(Source records)

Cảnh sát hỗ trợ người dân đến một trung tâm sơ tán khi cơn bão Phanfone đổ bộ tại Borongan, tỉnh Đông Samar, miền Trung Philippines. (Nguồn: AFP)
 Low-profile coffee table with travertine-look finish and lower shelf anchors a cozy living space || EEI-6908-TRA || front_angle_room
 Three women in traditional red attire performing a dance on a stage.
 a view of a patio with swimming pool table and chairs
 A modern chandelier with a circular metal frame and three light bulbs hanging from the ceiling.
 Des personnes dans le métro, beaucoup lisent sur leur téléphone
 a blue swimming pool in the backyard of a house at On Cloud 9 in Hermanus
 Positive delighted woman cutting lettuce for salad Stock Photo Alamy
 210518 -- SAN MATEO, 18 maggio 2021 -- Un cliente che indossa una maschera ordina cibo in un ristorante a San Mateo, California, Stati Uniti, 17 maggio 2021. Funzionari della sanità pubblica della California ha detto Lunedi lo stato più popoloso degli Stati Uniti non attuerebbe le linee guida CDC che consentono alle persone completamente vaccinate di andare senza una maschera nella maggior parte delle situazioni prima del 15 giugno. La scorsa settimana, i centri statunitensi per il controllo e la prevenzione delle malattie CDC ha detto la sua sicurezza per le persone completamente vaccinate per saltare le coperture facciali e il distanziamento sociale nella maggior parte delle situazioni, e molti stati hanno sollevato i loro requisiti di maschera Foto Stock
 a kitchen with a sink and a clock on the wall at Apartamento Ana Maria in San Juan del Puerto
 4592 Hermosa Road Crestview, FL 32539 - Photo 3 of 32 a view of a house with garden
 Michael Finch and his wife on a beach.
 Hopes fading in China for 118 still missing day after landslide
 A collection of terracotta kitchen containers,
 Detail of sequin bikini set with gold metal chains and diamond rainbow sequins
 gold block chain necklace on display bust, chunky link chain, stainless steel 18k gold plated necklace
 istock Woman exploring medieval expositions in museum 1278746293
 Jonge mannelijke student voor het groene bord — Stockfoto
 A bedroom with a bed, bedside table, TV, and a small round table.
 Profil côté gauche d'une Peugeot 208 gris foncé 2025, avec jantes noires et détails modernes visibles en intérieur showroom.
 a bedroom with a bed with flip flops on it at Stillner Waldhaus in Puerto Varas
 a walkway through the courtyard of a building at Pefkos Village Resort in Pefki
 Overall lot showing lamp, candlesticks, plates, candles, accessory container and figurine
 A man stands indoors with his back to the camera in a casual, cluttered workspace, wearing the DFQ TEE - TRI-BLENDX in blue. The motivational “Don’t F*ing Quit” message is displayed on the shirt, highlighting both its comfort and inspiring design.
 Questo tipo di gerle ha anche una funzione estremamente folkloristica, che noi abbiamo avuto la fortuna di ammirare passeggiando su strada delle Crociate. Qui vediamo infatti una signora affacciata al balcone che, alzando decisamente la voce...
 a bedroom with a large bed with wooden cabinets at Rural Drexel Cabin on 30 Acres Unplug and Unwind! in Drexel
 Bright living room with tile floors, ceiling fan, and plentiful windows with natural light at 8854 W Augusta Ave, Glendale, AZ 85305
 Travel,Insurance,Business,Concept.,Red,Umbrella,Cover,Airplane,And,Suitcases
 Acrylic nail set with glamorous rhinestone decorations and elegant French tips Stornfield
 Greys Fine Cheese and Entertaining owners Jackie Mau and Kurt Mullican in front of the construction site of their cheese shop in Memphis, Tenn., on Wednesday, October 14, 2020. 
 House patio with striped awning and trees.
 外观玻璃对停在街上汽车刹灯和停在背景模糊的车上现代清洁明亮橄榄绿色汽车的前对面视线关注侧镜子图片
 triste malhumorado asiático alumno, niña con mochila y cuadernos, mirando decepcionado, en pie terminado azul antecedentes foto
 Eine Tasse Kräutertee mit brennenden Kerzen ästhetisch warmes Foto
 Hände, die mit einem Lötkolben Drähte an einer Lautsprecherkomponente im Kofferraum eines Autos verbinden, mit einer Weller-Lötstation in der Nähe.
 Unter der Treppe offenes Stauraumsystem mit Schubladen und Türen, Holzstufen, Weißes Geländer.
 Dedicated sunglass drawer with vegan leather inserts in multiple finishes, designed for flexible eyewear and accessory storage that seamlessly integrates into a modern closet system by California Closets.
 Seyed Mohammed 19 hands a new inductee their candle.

(Your assignment) Copy the lines of the data above exactly as written, beginning with the line containing "A bedroom with a bed, bedside" and ending with the line containing "a bedroom with a bed with", and leave out all other lines.

(Response)
 A bedroom with a bed, bedside table, TV, and a small round table.
 Profil côté gauche d'une Peugeot 208 gris foncé 2025, avec jantes noires et détails modernes visibles en intérieur showroom.
 a bedroom with a bed with flip flops on it at Stillner Waldhaus in Puerto Varas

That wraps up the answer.